Description of the task: An unchanged copy of all the lines below is expected, and it should contain no pictures.

(Input for this task begins)

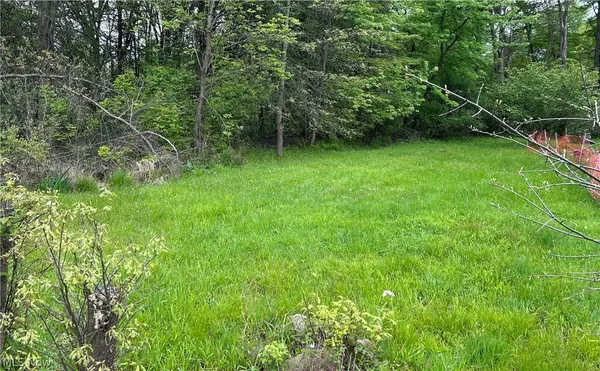 $18,500 | Ridley Avenue, Youngstown, OH 44505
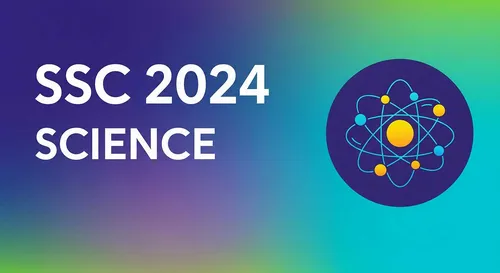 এসএসসি বিজ্ঞান সকল বোর্ড প্রশ্ন ২০২৪ | SSC All Board Science Board Question 2024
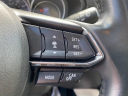 Thumbnail image of 2017 Mazda CX-5 at Integrity Auto Sales, Inc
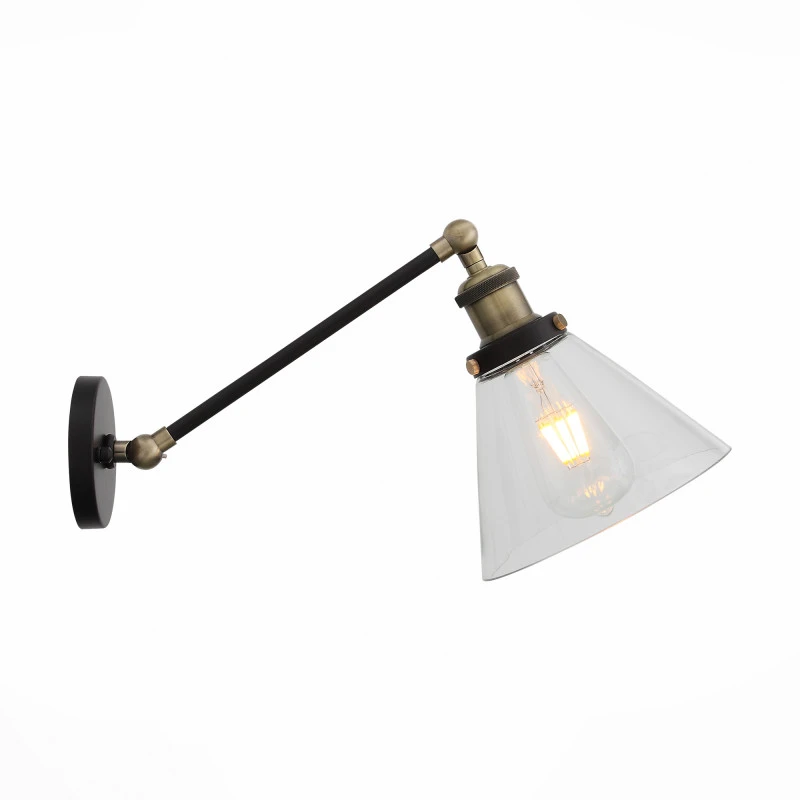 Бра ST-Luce SL237.411.01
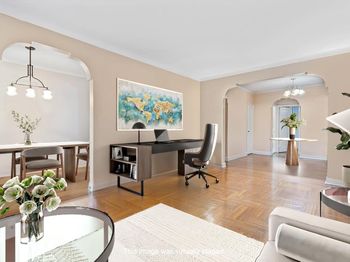 657 East 26th Street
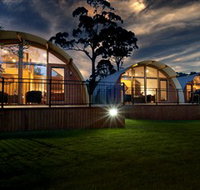 43 Degrees Bruny Island - Sydney Tourism
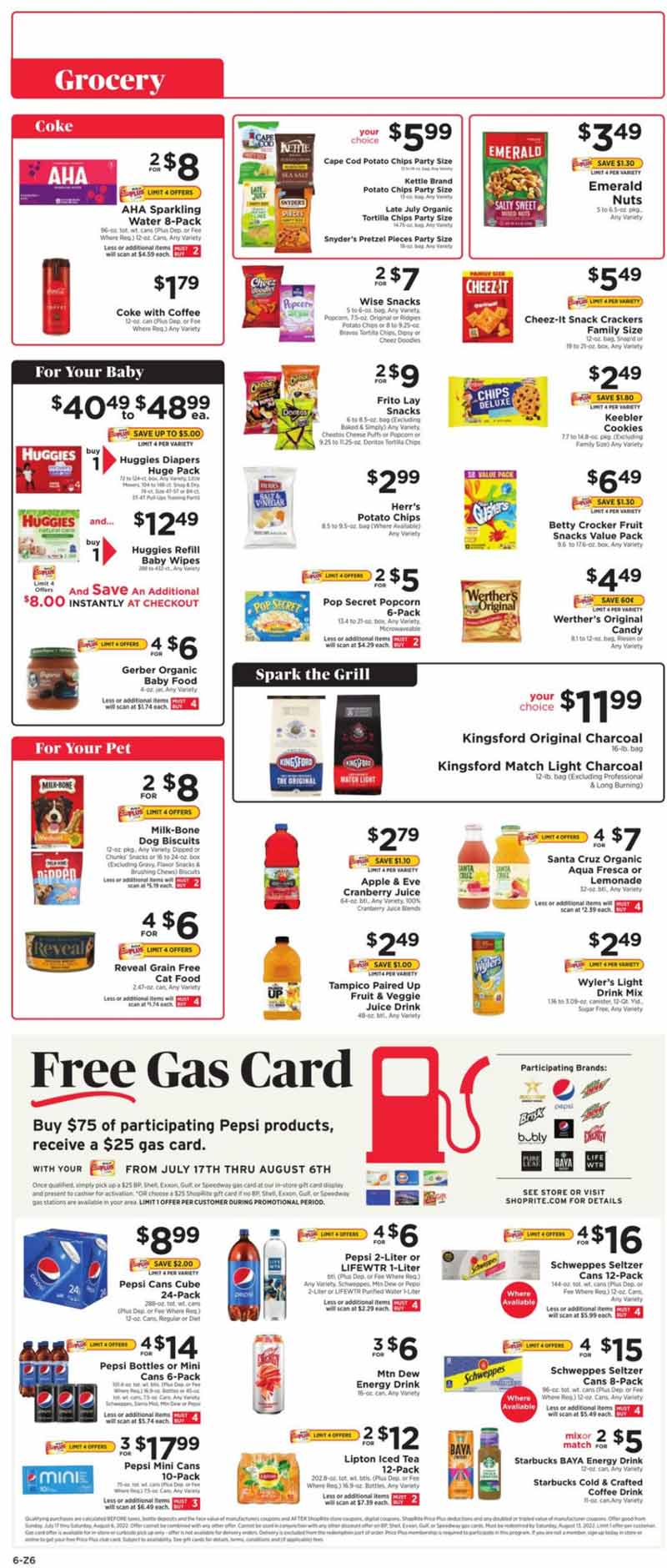 Shoprite-Weekly-Add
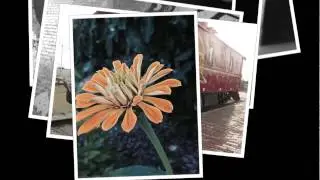 Best of Digital Photography Classes at JHS 2013-2014
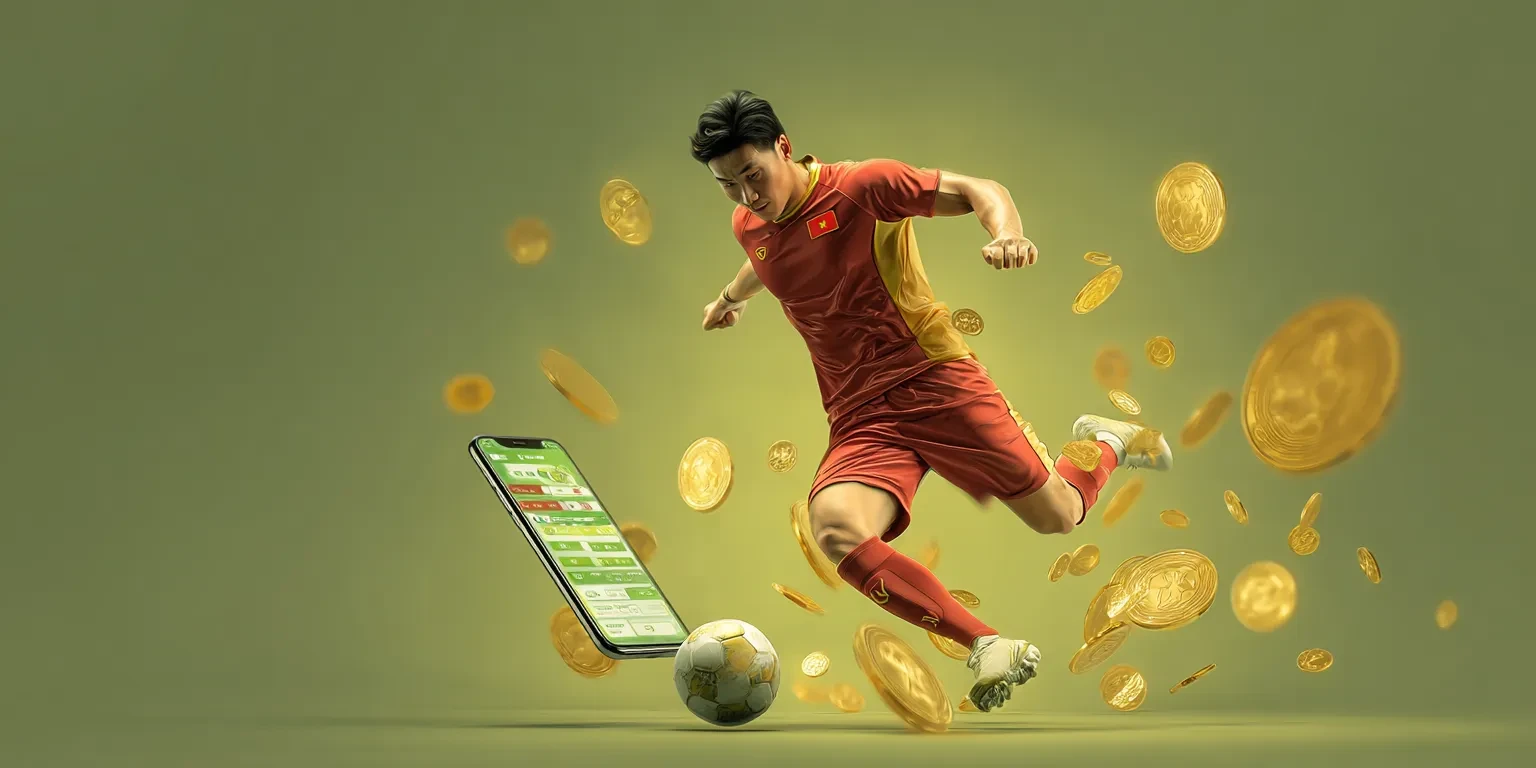 i8bet malaysia — login guide 4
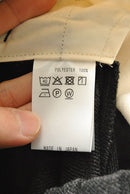 S.F.C WOOL WIDE PANTS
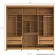 G ROUPA CASAMIA NEWTON NAT CHAMP 6P 0004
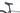 Orbea Orca 2025 - Shimano 105 Di2 2x12sp - Aluminium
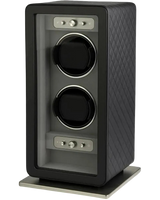 Навиване на часовник Duo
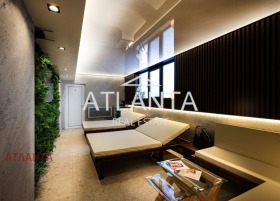 ���� ��� ���� 4-����� | Imot.bg � ����� ������ 17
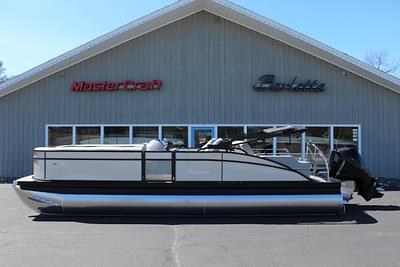 BOATZON | Barletta Aria 24UC 2025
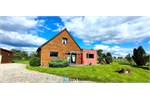 3 bed House for sale in Eure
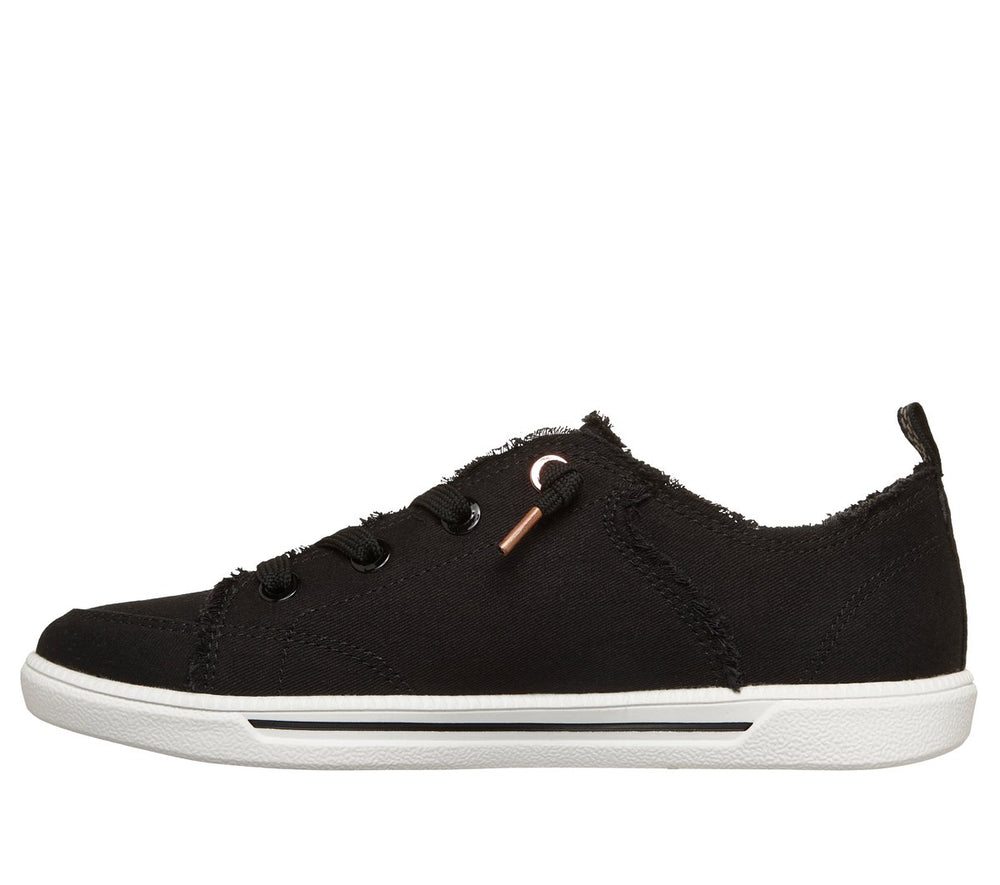 Skechers Skechers BOBS B Cute 2.0 Women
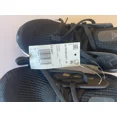 thumbnail image 5 of Adi-das Ultraboost 20 Black White Athletic Running Shoes Mens Size 5 FY3457 New, 5 of 5
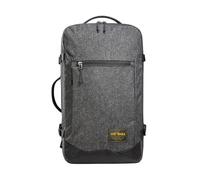 Tatonka Mochila Traveller Pack 35 Compartimento para portátil de 53 cm gris
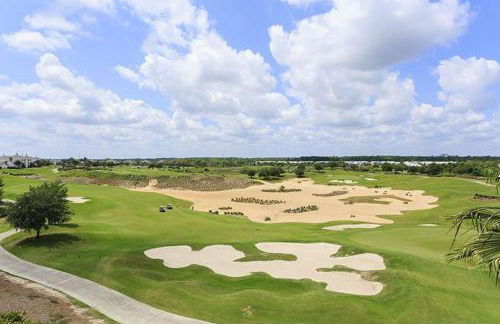 Top Floor Corner Unit Condo with Stunning Golf Views, 054 - Foto 41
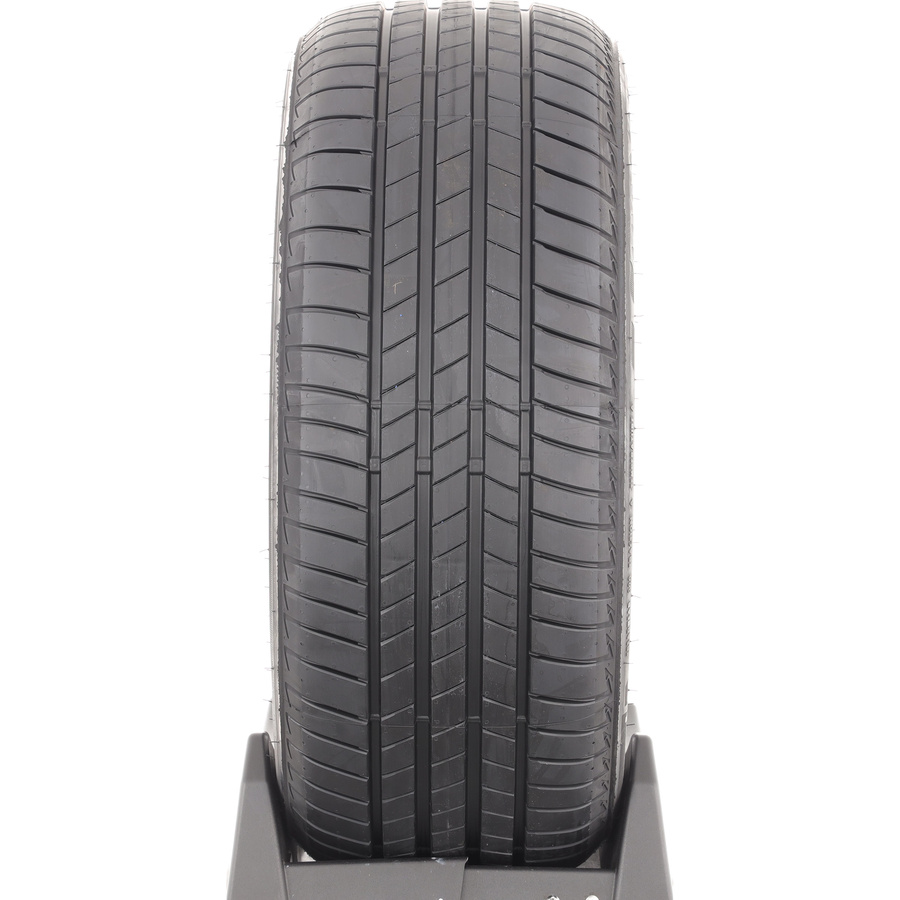 Firestone Roadhawk 2 -  225/40 R18
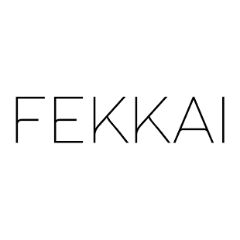 Fekkai Retail Discount Codes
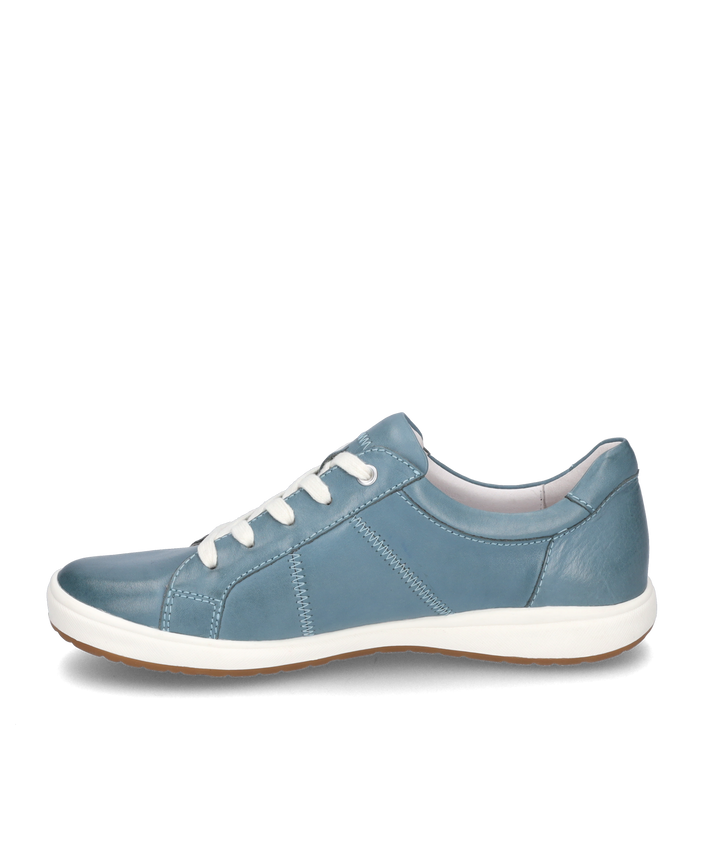 Josef Seibel Caren 01 - Azur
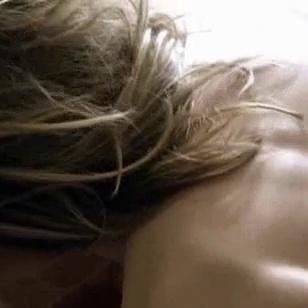 Naomi Watts Sex Scene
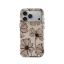 Burga Tough Magsafe Case for iPhone 17 Pro Max Barely Yours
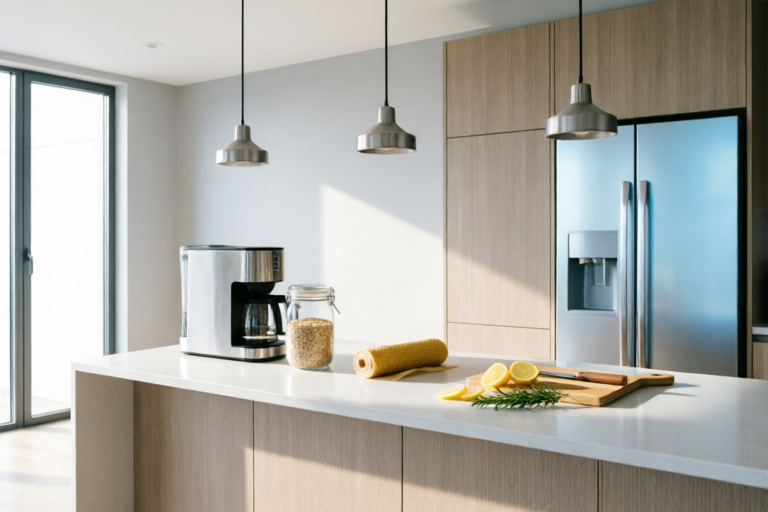 How to Save Time and Money with These Clever Life Hacks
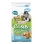 CRISPY SNACK popcorn- krmivo pre hlodavce 1,75 kg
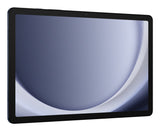 EAN 8806095306285 - Samsung Galaxy Tab A9+ Wi-Fi Snapdragon 128 GB 27,9 cm (11") 8 GB Wi-Fi 5 (802.11ac) Marina imagen 4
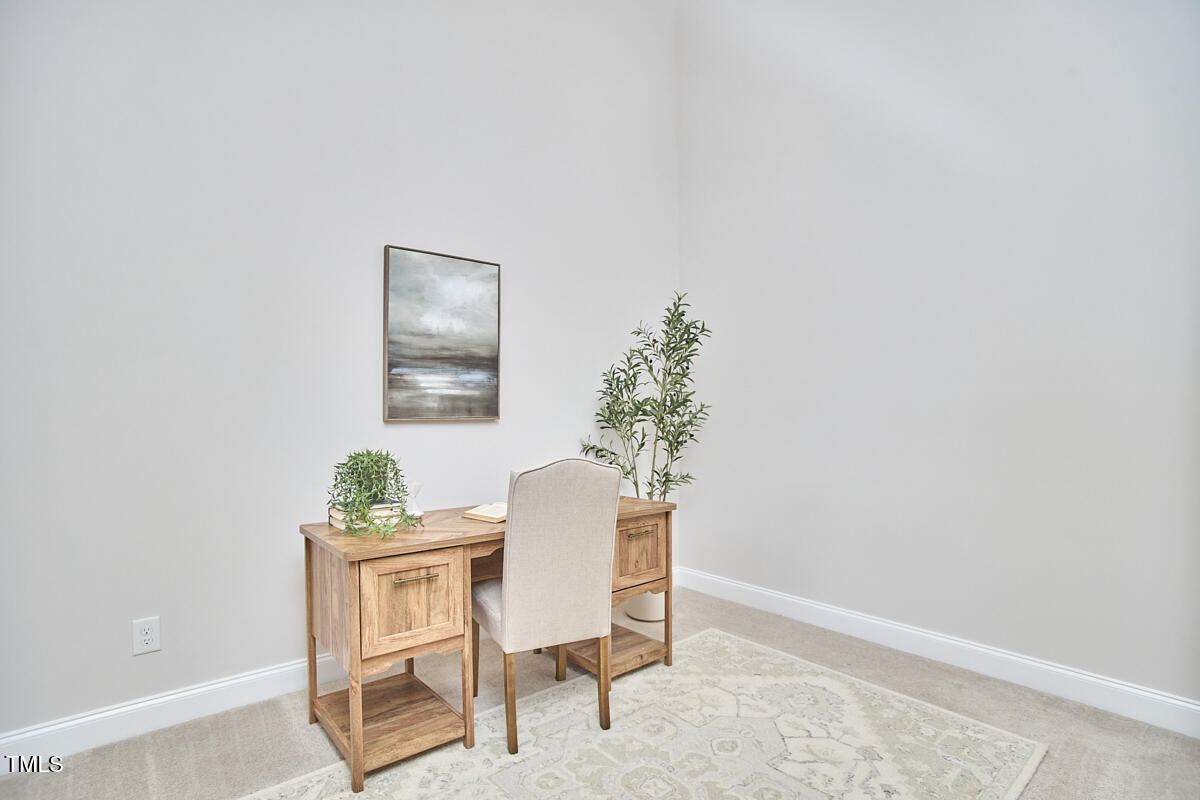 2808 Carter Finley Place Raleigh, NC 27606 - Photo 36 of 45 030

(Input for this task ends)

Output for this exercise:
 $18,500 | Ridley Avenue, Youngstown, OH 44505
 এসএসসি বিজ্ঞান সকল বোর্ড প্রশ্ন ২০২৪ | SSC All Board Science Board Question 2024
 Thumbnail image of 2017 Mazda CX-5 at Integrity Auto Sales, Inc
 Бра ST-Luce SL237.411.01
 657 East 26th Street
 43 Degrees Bruny Island - Sydney Tourism
 Shoprite-Weekly-Add
 Best of Digital Photography Classes at JHS 2013-2014
 i8bet malaysia — login guide 4
 S.F.C WOOL WIDE PANTS
 G ROUPA CASAMIA NEWTON NAT CHAMP 6P 0004
 Orbea Orca 2025 - Shimano 105 Di2 2x12sp - Aluminium
 Навиване на часовник Duo
 ���� ��� ���� 4-����� | Imot.bg � ����� ������ 17
 BOATZON | Barletta Aria 24UC 2025
 3 bed House for sale in Eure
 Skechers Skechers BOBS B Cute 2.0 Women
 thumbnail image 5 of Adi-das Ultraboost 20 Black White Athletic Running Shoes Mens Size 5 FY3457 New, 5 of 5
 Tatonka Mochila Traveller Pack 35 Compartimento para portátil de 53 cm gris
 Top Floor Corner Unit Condo with Stunning Golf Views, 054 - Foto 41
 Firestone Roadhawk 2 -  225/40 R18
 Fekkai Retail Discount Codes
 Josef Seibel Caren 01 - Azur
 Naomi Watts Sex Scene
 Burga Tough Magsafe Case for iPhone 17 Pro Max Barely Yours
 How to Save Time and Money with These Clever Life Hacks
 CRISPY SNACK popcorn- krmivo pre hlodavce 1,75 kg
 EAN 8806095306285 - Samsung Galaxy Tab A9+ Wi-Fi Snapdragon 128 GB 27,9 cm (11") 8 GB Wi-Fi 5 (802.11ac) Marina imagen 4
 2808 Carter Finley Place Raleigh, NC 27606 - Photo 36 of 45 030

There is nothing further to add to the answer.